- [Work to be completed]:
Repeat the listing exactly. Pictures stay out of your copy.

- [Dataset section]:
━━━━━━━━━━

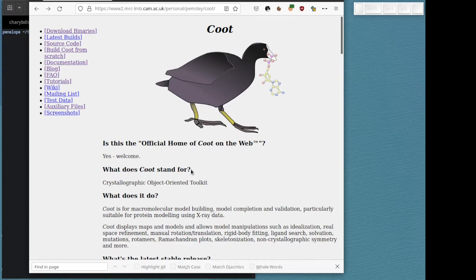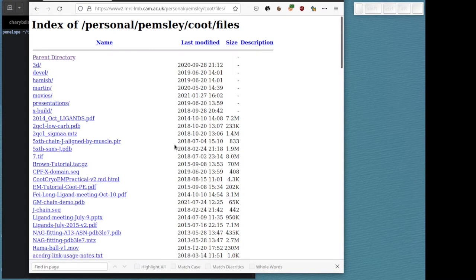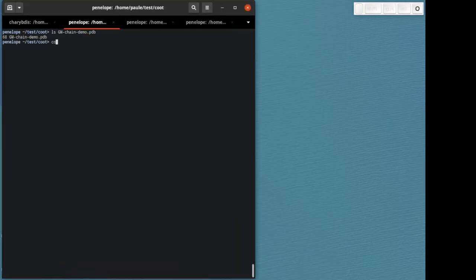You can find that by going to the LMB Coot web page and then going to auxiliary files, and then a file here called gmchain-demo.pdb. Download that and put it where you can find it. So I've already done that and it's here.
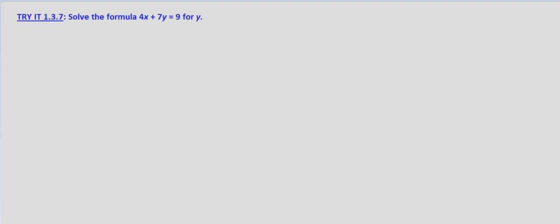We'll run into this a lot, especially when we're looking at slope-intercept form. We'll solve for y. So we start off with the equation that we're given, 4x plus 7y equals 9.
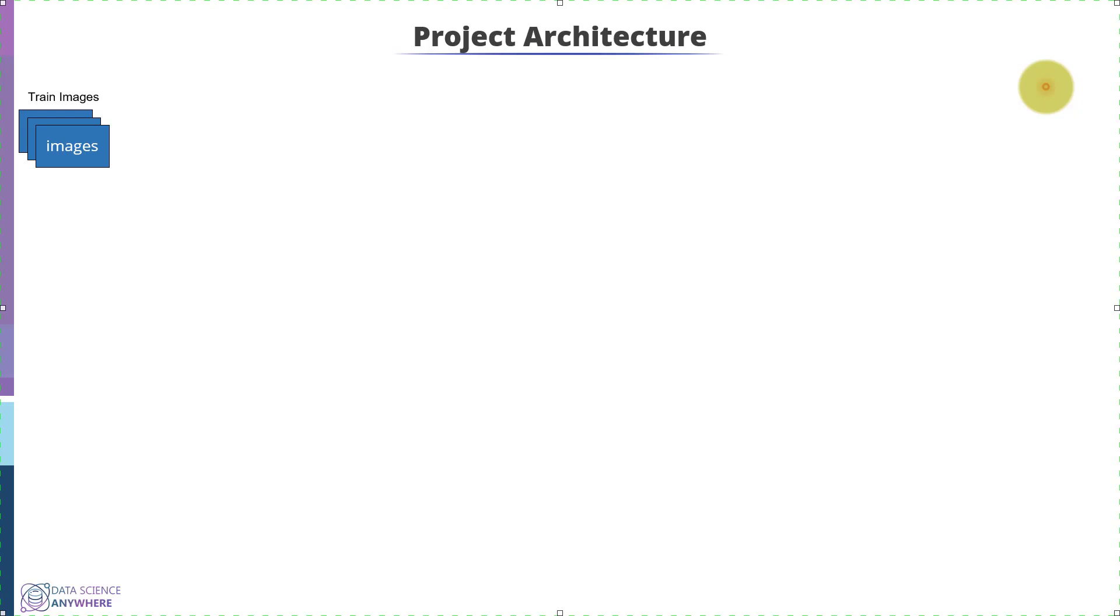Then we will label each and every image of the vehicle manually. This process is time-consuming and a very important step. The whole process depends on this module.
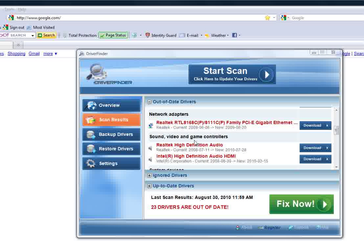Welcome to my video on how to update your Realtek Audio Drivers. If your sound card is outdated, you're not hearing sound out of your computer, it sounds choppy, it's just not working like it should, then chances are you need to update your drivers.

━━━━━━━━━━

- [Completed exercise]:
You can find that by going to the LMB Coot web page and then going to auxiliary files, and then a file here called gmchain-demo.pdb. Download that and put it where you can find it. So I've already done that and it's here.
We'll run into this a lot, especially when we're looking at slope-intercept form. We'll solve for y. So we start off with the equation that we're given, 4x plus 7y equals 9.
Then we will label each and every image of the vehicle manually. This process is time-consuming and a very important step. The whole process depends on this module.
Welcome to my video on how to update your Realtek Audio Drivers. If your sound card is outdated, you're not hearing sound out of your computer, it sounds choppy, it's just not working like it should, then chances are you need to update your drivers.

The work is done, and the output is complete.